Gendered language has its roots in sexism, bias | Opinion

Gendered language is not just an annoyance. It can harm

Facebook’s 71 gender options, including the two-spirit person, are a stretch. But “they”, used by singular non-binary gender identity people, was Merriam-Webster’s word of 2019 and India has recognised “other” as an official gender since 2014(Shutterstock)

Last week, my friend Kanta Singh took issue with a retired bureaucrat for his tweet on how civil servants must “evolve in a manner that those who want to corrupt him aren’t able to muster the courage to do so. His conscience must be his firewall”.

Kanta’s objection wasn’t the content. “Will request you to write a more inclusive language,” she tweeted. The objection is not irrelevant. Of the 700 officers working in the central government at the joint secretary level and above as of June 2019, 134 (19.14%) were women.

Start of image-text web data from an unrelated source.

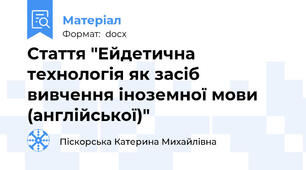 Стаття "Ейдетична технологія як засіб вивчення іноземної мови (англійської)"
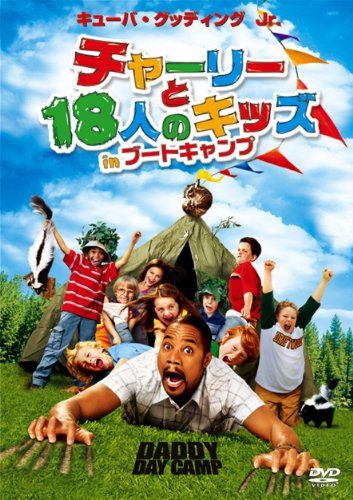 [New] Charlie and 18 kids in boot camp [DVD]
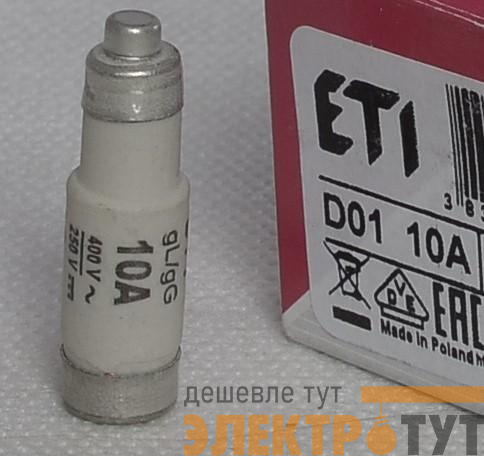 Предохранитель D 01 10А/400V ROSA 322010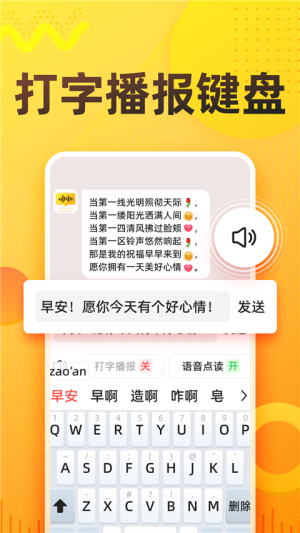 语音打字法 v1.9.6 安卓版 3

The use of the male pronoun to describe a group ends up invisibilising women. God is a solid, upper case He. And he/him/his are default settings for all manner of truisms: “A man is the sum of his actions,” (Mahatma Gandhi) or, “Technology is the nature of modern man,” (Octavio Paz) — but “mankind” excludes half of humanity.

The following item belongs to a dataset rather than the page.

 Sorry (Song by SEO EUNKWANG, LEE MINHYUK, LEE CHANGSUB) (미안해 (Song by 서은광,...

Facebook’s 71 gender options, including the two-spirit person, are a stretch. But “they”, used by singular non-binary gender identity people, was Merriam-Webster’s word of 2019 and India has recognised “other” as an official gender since 2014. Yet, we instinctively veer towards gendered language.

Even newer words reinforce bias: Mompreneurs (ever heard of dadpreneurs?) and career women, never career men. Girl boss infantilises women and reminds us that bosses are male unless otherwise stated. Stay-home dads are hailed as exceptional unlike stay-home moms who seem to follow an inbuilt biological code.

Those who fight for equal rights are feminazis, a word that belittles not us but the victims of the Holocaust. If you object, of course, you’re a humourless feminist, or worse, a rabid one.

And, yet, women have their own words too. Manel should shame event organisers who can’t find equally qualified women to invite. I prefer “unpaid care work” to the homier “housework” to describe the endless labour of cooking, cleaning and caring done predominantly by women.

Gendered language is not just an annoyance. It can harm. In his book, Discretion, Discrimination and the Rule of Law, Mrinal Satish studied 100 Supreme Court and 700 high court rape cases to find judgments peppered with words like “concubine”, “shocking liar”, “honour” and even “deathless shame” to describe rape survivors.

A Karnataka High Court judge’s comments on the behaviour of a rape survivor — it was “unbecoming” of an Indian woman to fall asleep after being “ravished” — while hearing a bail matter merely followed a long tradition of sexist language in court judgments. But the uproar was new and led to the welcome expunging of his remarks.

Meanwhile, Hindustan Unilever has been mulling over words, too. In an apparent nod to the Black Lives Matter movement as well as sustained agitation against a product that exploits gendered norms of beauty, the makers of Fair & Lovely cream, declared that it was dropping the word “fair”. The renamed product: Glow & Lovely. The change in nomenclature isn’t fooling anyone. Fair by any other name still remains “fair”.